El PC chileno siempre se caracterizó por su adhesión incondicional al modelo soviético, al extremo que en la jerga política, especialmente en federaciones estudiantiles o sindicatos, se mofaban de ellos diciendo que “cuando llovía en Moscú, los rogelios chilenos sacaban paraguas”. Prueba de ello fueron la exculpación permanente de toda responsabilidad en los crímenes y represión en la URSS que eran públicamente conocidos o la vergonzosa justificación de la invasión de sus tanques a países que mostraban afanes democráticos.
Pero todo explotó en 1956. Ese año, el Primer Ministro Nikita Jrushchov, que poco antes en la Asamblea anual de las Naciones Unidas había proclamado con soberbia y sin zapatos que “viviremos en el socialismo”, ahora, durante el XX Congreso del Partido, exactamente el 25 de febrero, denunciaba reservadamente los crímenes del estalinismo, generando un terremoto de consecuencias inesperadas en todas las colectividades hermanas a través del planeta. Desde entonces, todo se vio de otra manera. Surgieron crecientes movimientos disidentes por todas partes y, en 1970, fue oficializado el “eurocomunismo” por Enrico Berlinger del PC italiano, Santiago Carrillo del PC español, y Georges Marchais del PC francés. En sus principios, formularon el rechazo al modelo soviético e instaron por legitimar el pluripartidismo. Se quebraba, así, el monolítico (y reverenciado por todos sus militantes) proyecto surgido a partir de la histórica Revolución de Octubre, en tanto que todos los partidos de Occidente, con escasas excepciones, legitimaban las democracias liberales y se insertaban en ellas.
El Pe Ce chileno, sin embargo, se mantuvo aferrado a un pasado que se había ido y, ni la caída del muro de Berlín (9 de noviembre de 1989) que derrumbó a la Unión Soviética, quebrantó su fe en un sueño que ahora se veía imposible. Obligado, por la fuerza de los hechos, a vivir en una realidad política existente, pero que no era, para nada, de su agrado, ha jugado un doble juego, con un pie en el Gobierno y otro en la calle, combinando su participación en la vida de una sociedad pluralista y democrática con una incomprensible actitud de apoyo a dictaduras como las de Cuba, Venezuela y Nicaragua y hasta de regímenes como los de Corea del Norte. En este campo, no ha dejado de mostrar una disimulada simpatía por el régimen autoritario en Rusia del ex KGB Vladimir Putin, al parecer sin más justificaciones que la animadversión de éste por el “imperialismo norteamericano”.
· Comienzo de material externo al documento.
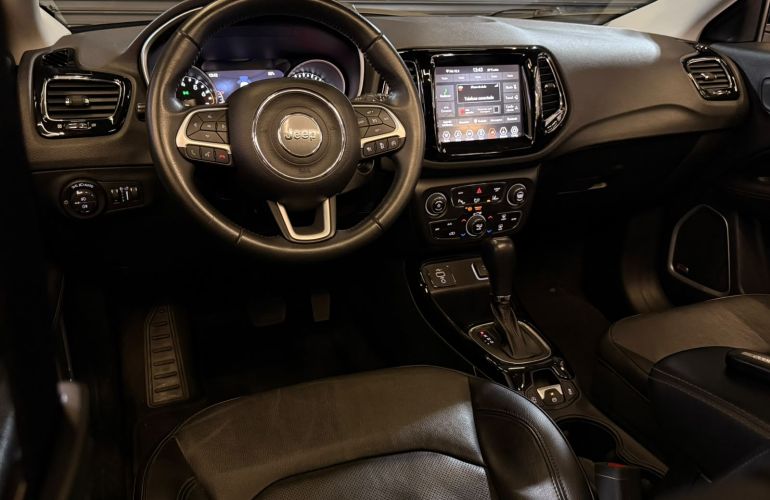 Jeep Compass 2.0 16V Limited - Foto #4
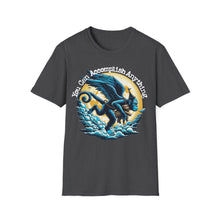 Load image into Gallery viewer, Positive Oz Monkey Tee on Softstyle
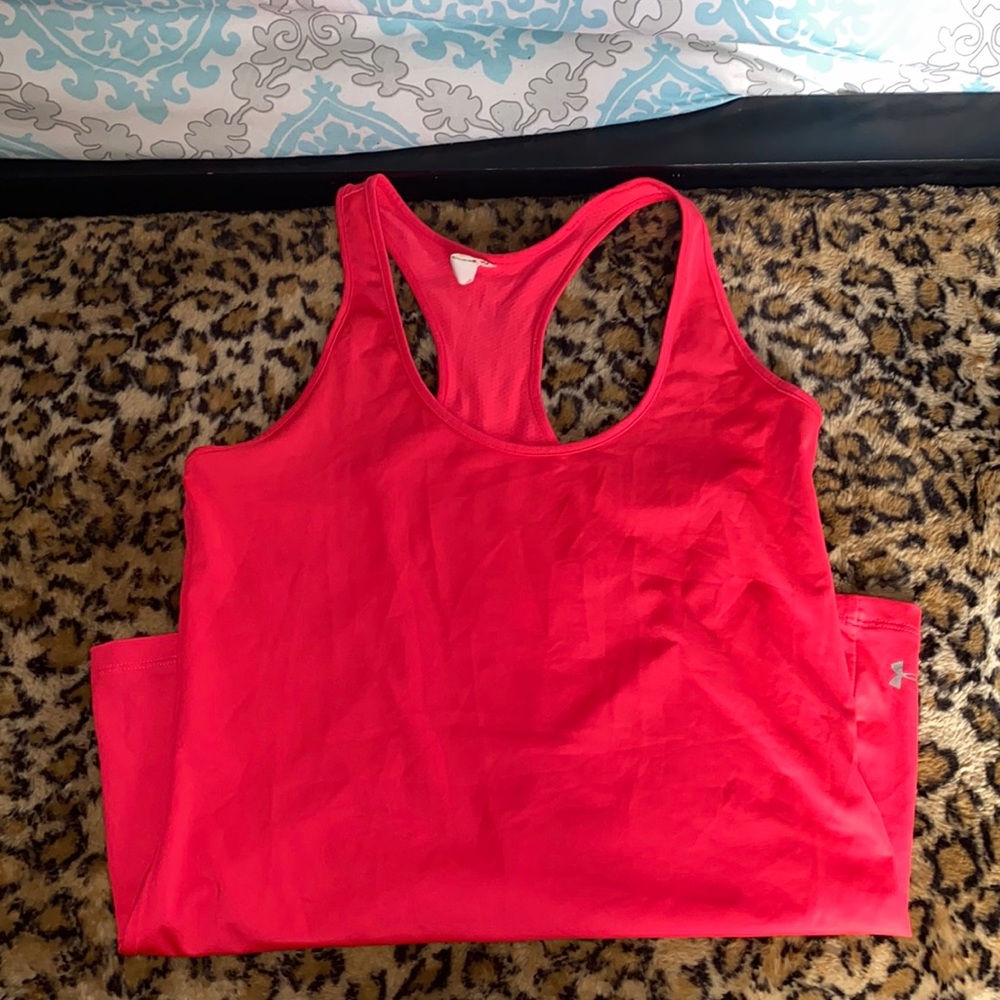 Under armour top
Las secuelas del cuadro descrito, han llegado a sus filas. La sólida y uniforme disciplina que fue siempre una de sus características se encuentra claramente quebrantada. La “vieja guardia”, devota reverente del pasado descrito, se continúa moviendo en base a métodos y sueños ideológicos anacrónicos y obsoletos sin mostrar capacidad alguna para ajustarse a una realidad nueva. Muy a su pesar, y como consecuencia natural de ser una fuerza de gobierno, una nueva generación ha levantado su voz presentando públicamente alternativas disidentes que se van ajustando a las condiciones que, para bien o para mal, le impone la realidad. El PC ha asumido la responsabilidad de ser “partido de Gobierno” y eso implica hacerse cargo, le guste o no le guste, de todas las consecuencias de tal determinación, no solo en relación con el Ejecutivo sino también respecto de la institucionalidad del Estado. Legítimamente puede instar por modificarla, impulsando los proyectos que estime convenientes, pero no parece justificable cuestionar las decisiones de otro Poder del Estado especialmente cuando afectan a uno de sus militantes imputado por delitos comunes (caso Jadue).
Obviamente, el problema va más allá y deriva en la necesaria resolución de una cuestión de fondo: O se acepta integrarse al modelo político de las democracias liberales tal como las entiende el sentido común (respeto pleno a los derechos humanos, pluralidad de partidos, libertad de expresión, alternancia en el poder…) o se asume que son prisioneros de un pasado que ya no fue.
El partido deberá resolver muchas de estas cuestiones existenciales en su Congreso de fines de año. Las voces renovadoras han ido adquiriendo creciente peso y, si los viejos tercios no son capaces de abrirse a los nuevos tiempos, la crisis será inmanejable.